By Lei Yan
A Deep Dive Into the Aviastar Tu-204 Fire in Hangzhou
On Jan. 8, an Aviastar Airline’s Tupolev Tu-204 freighter caught on fire on the ground of Huangzhou, China’s Xiaoshan Airport. Thanks to the swift action by the airport firefighting crews, no one was hurt or killed during the accident. The plane was burnt into three pieces, and the cause of the fire is still under investigation.
The cargo flight 4B6534 was scheduled to take off at 4:40 a.m. local time, bonded for Novosibirsk, Russia with packages for online shoppers. The fire broke out just after the aircraft started to push back from parking bay 204. The fire started from inside of the aircraft and spread to the entire body. The airport rescue and firefighting (ARFF) crews were on the scene within two minutes after pilots reported the fire, and eight crew members are all safely rescued from the burning aircraft.
By the time of the accident, the aircraft was carrying 26 tons of aviation fuel, and the fuel was secured by the ARFF team. By successfully removing the aviation fuel from the aircraft, the ARFF team prevented the risk of a massive explosion caused by aviation fuel leakage.
The operations at the airport was not interrupted by this incident. No flights were delayed due to this accident.
As of this moment, the remains of the fatally damaged aircraft are still on the ramp. Considering the magnitude of damage, the aircraft will likely be dismantled at the stand, then transport to a facility for disposal. The aircraft with Cai Niao Logistics livery is still visually accessible by passengers traveling through the airport and spectators outside of the airport.
The Tupolev Tu-204 is painted with Cai Niao Logistics Livery. Cai Niao Logistics is a subsidiary of Alibaba, and Alibaba is headquartered in Hangzhou, China. The company is actively expanding its business overseas, including to Russia.
Only three Tupolev Tu-204 cargo jets are still in service today, all of which are operated by Aviastar. The carrier is a Moscow-based charter cargo airline operating three Tupolev Tu-204 and six Boeing 757-200PCFs. The airline encountered multiple safety incidents since 2010, and luckily, no fatal accidents occurred.

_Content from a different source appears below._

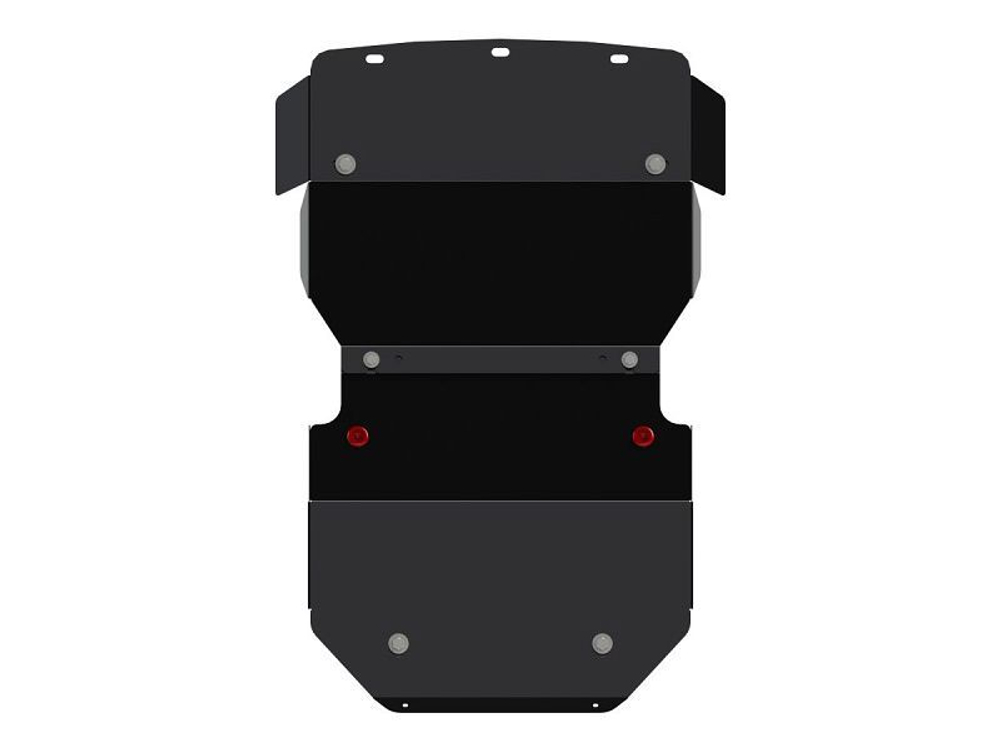 Защита картера и КПП Sheriff для Mitsubishi Space Gear 1995-2007 арт.14.0749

Similarly, on July 22, 2021, an Ethiopian Boeing 777-200F ET-ARH caught on fire while loading cargos at Shanghai’s Pudong International Airpot. No deaths or injuries were reported from the accident. However, the aircraft was fatally damaged, and it is still parked at Pudong Airport.
Before the Ethiopian accident, in 2019, an Air China Airbus A330-300 B-5958 bonded for Tokyo from Beijing caught on fire when boarding. The fire burnt through a hole at the top of the aircraft. As of this moment, the damaged aircraft is still parked in Air China’s hanger in Beijing, waiting to be scrapped.
The cause of both accidents was lithium battery-induced fire. After the fire on Ethiopian Freighter, Chinese airports tightened the controls for air freighting products with batteries.